Volunteer-run center in Mariupol provides rehabilitation for homeless children and children from troubled families


Initiative founded and run by a pastor gives shelter and re-educates homeless children, children from troubled families and drug addicts.

Kyiv, October 4, 2016. Rehabilitation center for children “Pilgrim Republic” has been active in Mariupol for 18 years. It is actually a family type home founded by pastor Gennadiy Mokhnenko of the “Church of changes for the good”. “Republic’s” residents are former street children, children from troubled families and children with complicated behavior including drug addicts.
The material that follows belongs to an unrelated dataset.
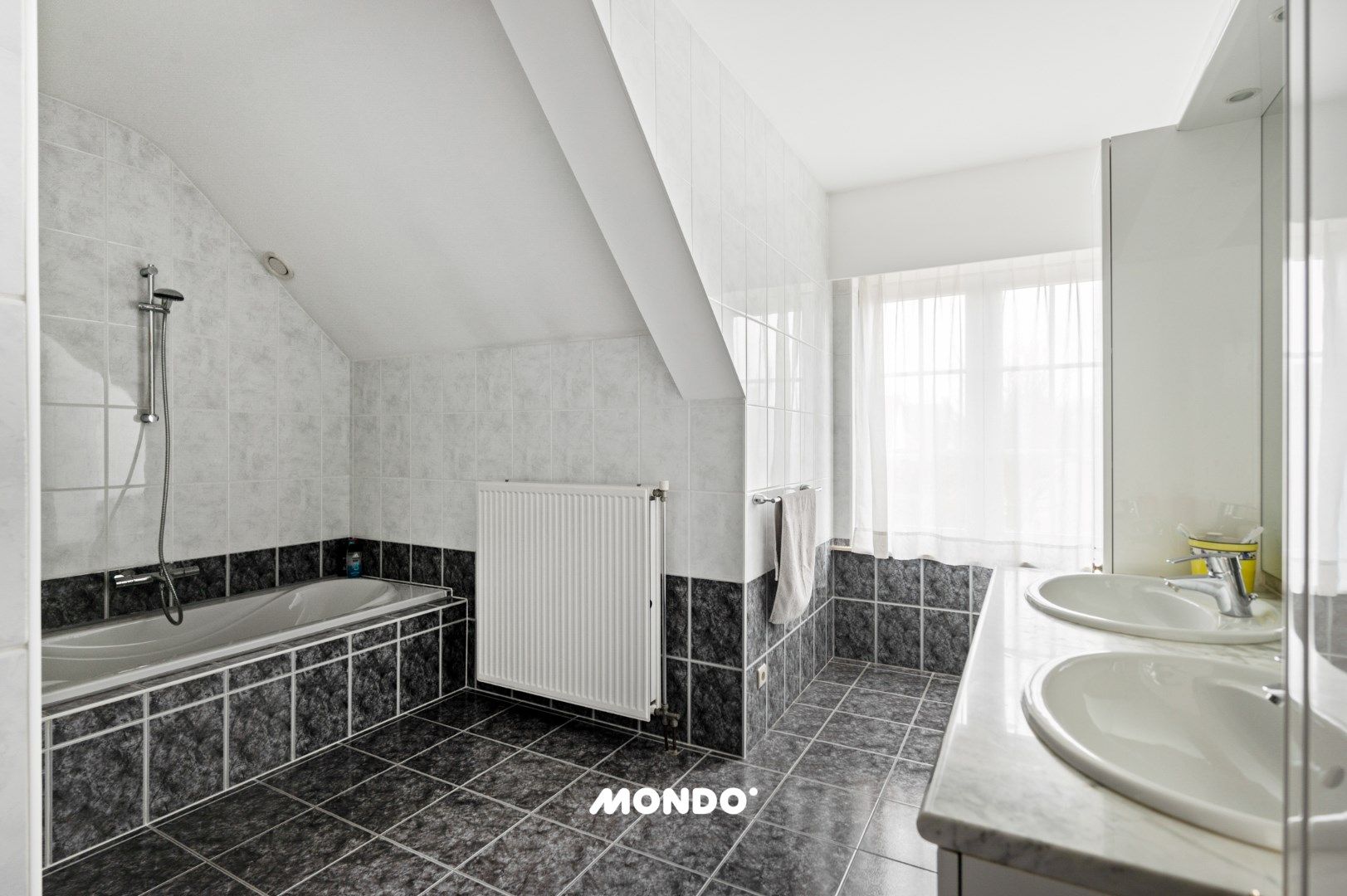 Ruim en energiezuinig landhuis in een rustige, kindvriendelijke omgeving foto 18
Over these years the center has worked with over 3,5 thousand children. It is currently one of the biggest centers of a kind on post-Soviet space. Gennadiy Mokhnenko spoke on how the “Pilgrim Republic” started and how it succeeds in getting teenagers out of dangerous life scenarios, via Skype at a press-briefing at Ukraine Crisis Media Center (UCMC) in the framework of UCMC’s project “Spokesperson of peaceful life” implemented with the support of the Foreign Affairs Ministry of the Federal Republic of Germany.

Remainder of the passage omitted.